Alguns exemplos —o trabalhador brutalizado em "Construção"; a repetição infernal do dia a dia de uma faixa pobre da população, mas ainda com emprego e casa, em "Cotidiano"; o país estraçalhado pela ditadura e pela mercadoria na impiedosa colagem "Bye Bye Brasil"; no apagar das luzes da ditadura, o pé atrás com grandes projetos coletivos em "Pelas Tabelas" e "Bancarrota Blues", parceria com Edu Lobo; a empatia pelos indesejados da "sociedade de bem" em "Ode aos Ratos"; a insinuação da prostituição infantil em "Carioca"; e, finalmente, a obra-prima recente "Caravanas", melhor síntese de um país que abriu o jogo sobre seus desejos de extermínio.

Se não é possível entender a sociedade americana oscilando entre a contracultura e a vida administrada pelo capital sem as canções de Dylan, certamente não se conhece o Brasil pós-golpe de 1964 sem escutar e ler Chico Buarque.

Cá entre nós, qualquer prêmio é muito pequeno perto da imensidão do que artistas como eles realizaram.

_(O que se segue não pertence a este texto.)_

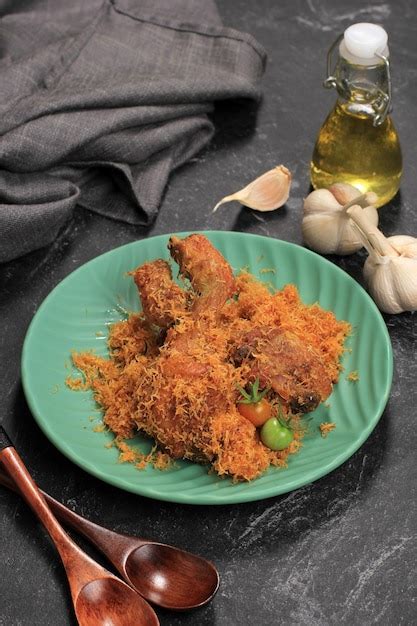 Premium Photo | Ayam serundeng indonesian traditional fried chicken recipe with shredded coconut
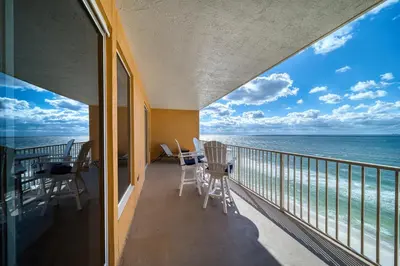 a balcony with chairs and a view of the ocean at Treasure Island 0906 in Panama City Beach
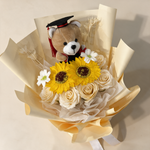 Top view of the Milestone soap flower bouquet of sunflowers, roses and gerberas
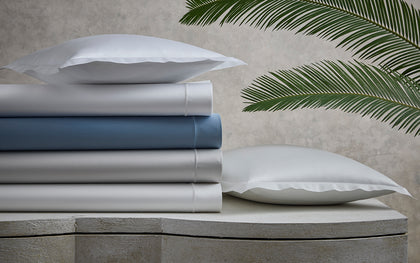 Talita Satin Stitch sheets stacked in white, blue, and silver on a stone bench beside palm fronds.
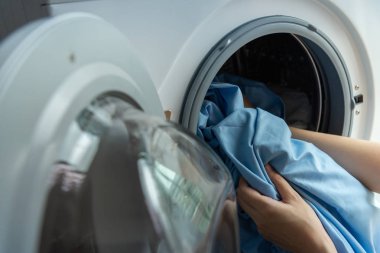 Kadının el beyaz çamaşır makinesine yükleme kirli mavi yatak örtüsü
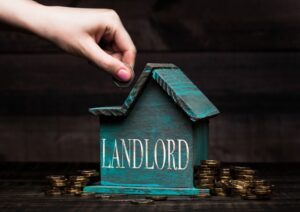 Wooden house model with coins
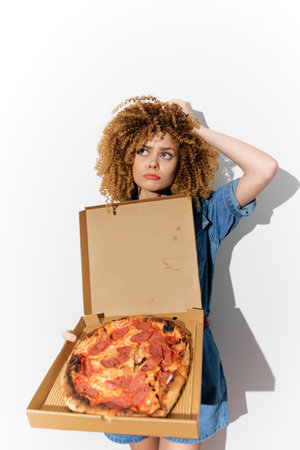 Young woman with curly hair holding a pizza box, looking thoughtful Expression conveys a mix of desire and concern about eating pizzaの写真素材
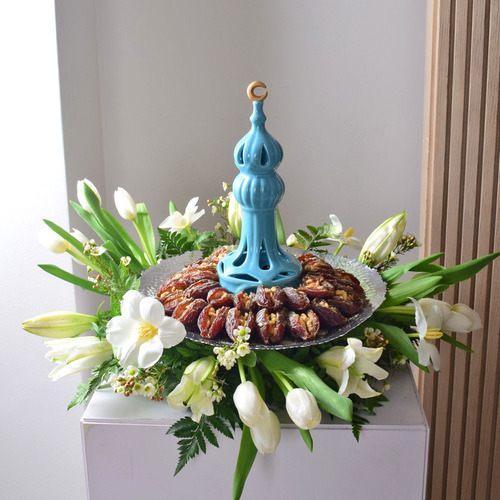 Me & You 23 - ceramic
  mosque with dates wih nuts on a tray with a decoration of fresh casa blanca ,
  tulips and wax flowers.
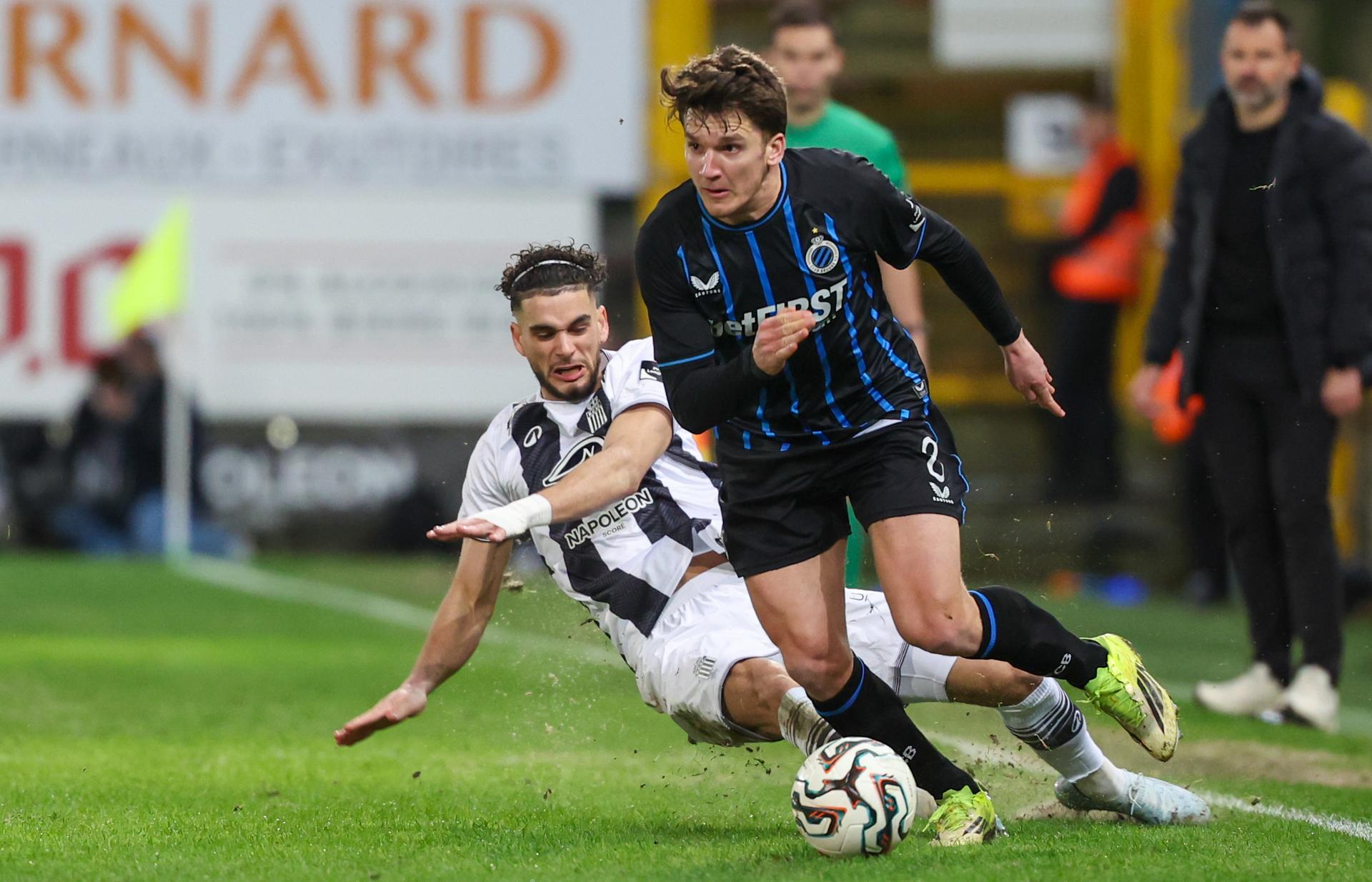Charleroi's Kevin Van Den Kerkhof and Club's Christos Tzolis fight for the ball during a soccer match between Sporting Charleroi and Club Brugge KV, Sunday 01 March 2026 in Charleroi, on day 27 of the 2025-2026 'Jupiler Pro League' first division of the Belgian championship. BELGA PHOTO VIRGINIE LEFOUR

Mas o Camões, no caso de Chico, é especialmente simbólico.

Como tanta coisa parada ou destruída durante o governo Bolsonaro, a entrega do prêmio não aconteceu em 2019. O ex-presidente se recusou a assinar o documento que chancelava a premiação do lado brasileiro. Deve ser finalmente entregue, pelas mãos do presidente Lula, em cerimônia realizada em Lisboa na semana em que se celebram os 49 anos da Revolução dos Cravos.

Deixa a todos nós —e hoje sabemos sem esforço quem é esse "nós"— com um sorriso no rosto. Como um bom samba, "depois de tanta demência", ajuda a afastar "uma dor filha da puta".